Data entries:
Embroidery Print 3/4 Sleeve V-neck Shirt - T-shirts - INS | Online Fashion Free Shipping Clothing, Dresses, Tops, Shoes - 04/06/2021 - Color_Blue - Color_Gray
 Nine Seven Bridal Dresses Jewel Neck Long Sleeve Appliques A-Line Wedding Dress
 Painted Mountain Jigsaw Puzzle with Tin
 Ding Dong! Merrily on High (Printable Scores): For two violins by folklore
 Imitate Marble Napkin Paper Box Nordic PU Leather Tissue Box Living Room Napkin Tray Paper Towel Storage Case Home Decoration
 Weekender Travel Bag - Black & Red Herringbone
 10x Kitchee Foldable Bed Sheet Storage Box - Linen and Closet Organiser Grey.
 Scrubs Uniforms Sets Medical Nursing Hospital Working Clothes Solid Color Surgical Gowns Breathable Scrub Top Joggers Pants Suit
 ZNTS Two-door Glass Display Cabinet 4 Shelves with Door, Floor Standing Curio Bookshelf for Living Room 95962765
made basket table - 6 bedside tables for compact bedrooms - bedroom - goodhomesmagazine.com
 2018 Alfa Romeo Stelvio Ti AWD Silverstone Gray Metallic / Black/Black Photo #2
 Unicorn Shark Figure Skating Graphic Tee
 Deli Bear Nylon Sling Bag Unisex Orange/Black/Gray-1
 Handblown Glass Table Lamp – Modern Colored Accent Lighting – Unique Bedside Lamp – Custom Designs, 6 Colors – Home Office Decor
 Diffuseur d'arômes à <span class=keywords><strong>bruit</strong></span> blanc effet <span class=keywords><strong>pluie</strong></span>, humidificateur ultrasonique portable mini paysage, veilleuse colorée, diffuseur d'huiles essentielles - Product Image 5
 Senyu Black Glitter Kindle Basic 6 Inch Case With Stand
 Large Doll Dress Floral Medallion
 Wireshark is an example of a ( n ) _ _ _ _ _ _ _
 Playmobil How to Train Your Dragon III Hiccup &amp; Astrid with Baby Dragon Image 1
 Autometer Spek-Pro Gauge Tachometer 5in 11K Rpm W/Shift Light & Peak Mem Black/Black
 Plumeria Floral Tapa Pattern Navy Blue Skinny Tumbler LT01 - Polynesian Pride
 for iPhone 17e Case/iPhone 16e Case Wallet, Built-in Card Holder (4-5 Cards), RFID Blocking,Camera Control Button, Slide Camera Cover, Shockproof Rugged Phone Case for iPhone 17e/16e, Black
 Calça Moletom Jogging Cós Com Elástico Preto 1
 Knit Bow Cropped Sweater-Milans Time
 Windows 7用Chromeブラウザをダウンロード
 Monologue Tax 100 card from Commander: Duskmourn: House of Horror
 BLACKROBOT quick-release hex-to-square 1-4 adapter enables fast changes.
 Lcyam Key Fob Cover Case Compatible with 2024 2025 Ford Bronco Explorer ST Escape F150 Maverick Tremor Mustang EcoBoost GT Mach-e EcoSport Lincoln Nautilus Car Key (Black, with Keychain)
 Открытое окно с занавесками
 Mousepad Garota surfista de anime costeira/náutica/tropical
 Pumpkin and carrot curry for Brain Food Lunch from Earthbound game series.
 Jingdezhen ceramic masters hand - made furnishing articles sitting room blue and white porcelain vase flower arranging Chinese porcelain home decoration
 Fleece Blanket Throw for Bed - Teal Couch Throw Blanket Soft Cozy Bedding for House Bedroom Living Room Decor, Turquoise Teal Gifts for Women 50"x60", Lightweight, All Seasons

> ASSIGNMENT
In the records above, find the line with "made basket table"; write out exactly that line and each one after it, stopping after the line with "Deli Bear Nylon".

> TASK SOLUTION
made basket table - 6 bedside tables for compact bedrooms - bedroom - goodhomesmagazine.com
 2018 Alfa Romeo Stelvio Ti AWD Silverstone Gray Metallic / Black/Black Photo #2
 Unicorn Shark Figure Skating Graphic Tee
 Deli Bear Nylon Sling Bag Unisex Orange/Black/Gray-1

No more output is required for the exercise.